Summary
In business, linear programming models have the potential to be used in profit optimization. As evidenced in the article by Maurya, Misra, Anderson, and Shukla (2015), linear programming can be used to facilitate the integration of effective quantitative techniques to predict the need for profit optimization. Using the example of an Ethiopian chemical company, the researchers found that the use of the method could be helpful in determining the limitations in the capabilities of organizations. In order to use the model in business, for example, the e-commerce industry, it is essential to identify its needs and unique factors.

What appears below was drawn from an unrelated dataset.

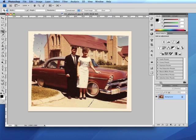Welcome to this tutorial on repair and retouching using Photoshop. Repair and retouching are two common tasks of this program. There are a number of steps that typically are taken including cropping, rotating, repair using repair tools from the toolbox, and adjustments from the adjustments menu.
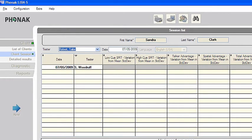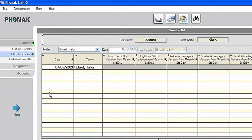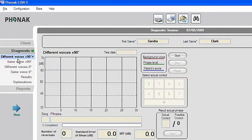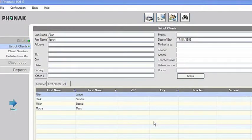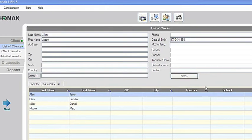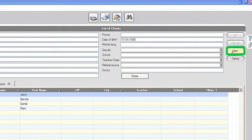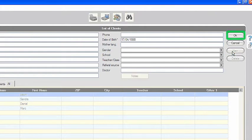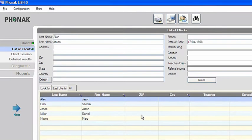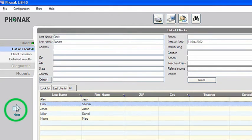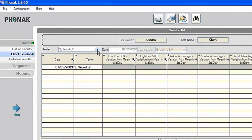It may be that Listen S was administered before, so all previous session details can be viewed here. If the client is new, or if Listen S needs to be re-administered to an existing client, select New and OK on the right of the screen and a new session will be added. You are now ready to start the diagnostic test.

The need of the industry is capturing as many potential customers as possible and ensuring that they buy a certain product that a company offers. A unique factor of the industry is the fact that sales take place online. The linear model can be used for profit optimization of an e-commerce company through identifying the number of products in stock and the frequency of their purchasing as combined with marketing efforts to get a maximum daily profit. The linear model addresses the challenge of forecasting the capacity of an e-commerce company to sell the maximum number of units possible.

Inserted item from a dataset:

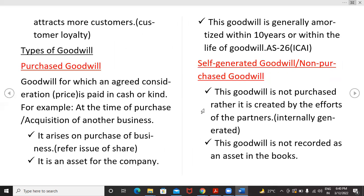There are two kinds of goodwill: purchased goodwill and self-generated goodwill or non-purchased goodwill. Purchased goodwill is goodwill for which a consideration — that is, a price — is paid in cash or kind, for example at the time of purchase or acquisition of another business. It arises on purchase of business or by issue of shares, and is an asset for the company. This goodwill is generally amortized within 10 years or within the life of goodwill as per Accounting Standard AS 26 prescribed by ICAI.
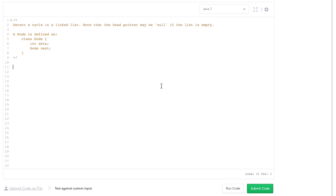This is a classic linked list question, possibly the most common interview question for linked lists, and also demonstrates a really common technique. The question is: you have a linked list and you want to figure out if it contains a cycle. A cycle means that the linked list actually loops back on itself, not necessarily to the beginning, but somewhere in the linked list.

Managers of organizations are encouraged to use linear programming methods to find the most beneficial arrangement of finance, determine the most appropriate times for starting and ending projects, as well as choose those tasks that would minimize the costs and increase profits (Anderson et al., 2016). Linear programming thus is intended for optimizing a “dependent variable subject to independent variables in a linear relationship” (Maurya et al., 2016, p. 52).
In financial contexts, dependent variables are predominantly set as objective functions for such economic concepts as sales, cost, income, production, and others. Independent variables in these contexts are variables of unknown value, which means that decision-makers should calculate their value through solving a problem. Thus, the linear modeling tool is important to consider because it offers a degree of objectivity and accuracy that other methods lack. Unfortunately, few companies use the method and rely predominantly on intuition and ‘trial and error’ solutions.
Reaction
In the exploration of linear modeling, it is important to mention the study by Maurya et al. (2015) that studied profit optimization with the use of linear programming by providing an example of an Ethiopian chemical company. The authors focused on underlining the need for companies to begin using quantitative techniques more frequently in order to be more effective in their forecasting methods. Still, the use of such programming tools has their peculiarities, which is why it is essential to use quantitative techniques to determine obstacles as well as become more profitable in the long-run.

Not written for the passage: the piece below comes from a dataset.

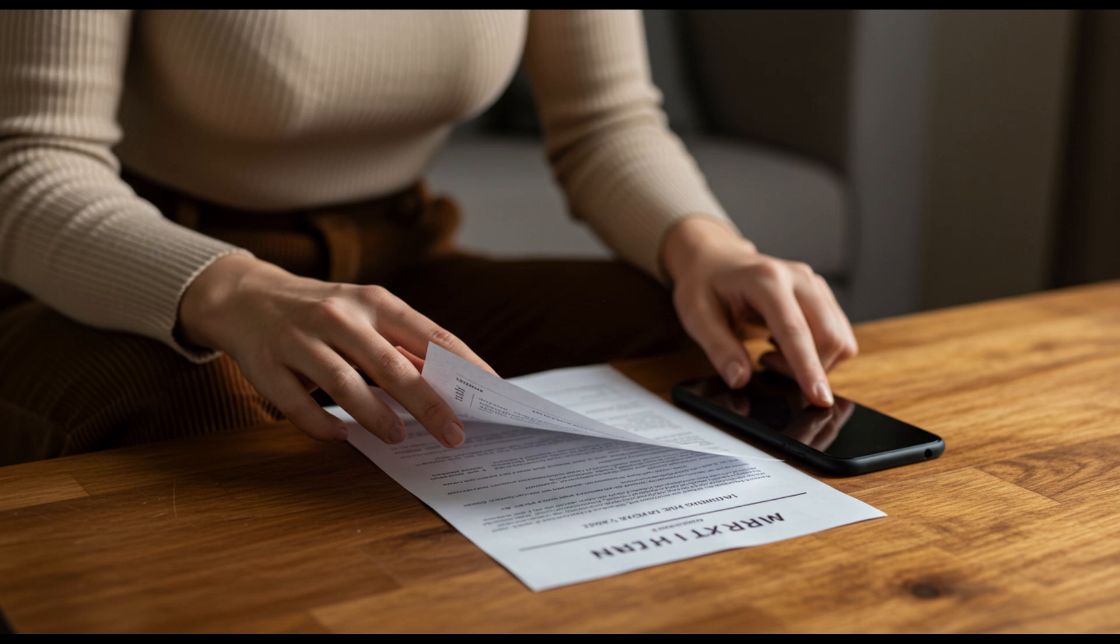And always keep your receipt, because if you do get panel defects or stuck pixels, LG usually won't replace anything without proof of purchase and a warranty still active.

The research is significant for understanding the most effective ways to make strategic decisions with the help of quantitative models. The study was intended to provide an in-depth understanding and insight into the application of methods of linear programming within industries as well as how they could be applied in real-life contexts. Important recommendations developed by the researchers were related to encouraging companies to use linear programming methods in order to determine their process limitations and solve them accordingly. More studies on the topic are needed because the information available at this time is limited to a few industries and problems that are relevant in those contexts.
References
Anderson, D. R., Sweeney, D. J., Williams, T. A., Camm, J. D., Cochran, J. L., Fry, M. J., & Ohlmann, J. W. (2016). Quantitative methods for business with CengageNOW (13th ed.). Boston, MA: Cengage Learning.
Maurya, V., Misra, R., Anderson, P., & Shukla, K. (2016). Profit optimization using linear programming model: A case study of Ethiopian chemical company. American Journal of Biological and Environmental Statistics, 1(2), 51-57.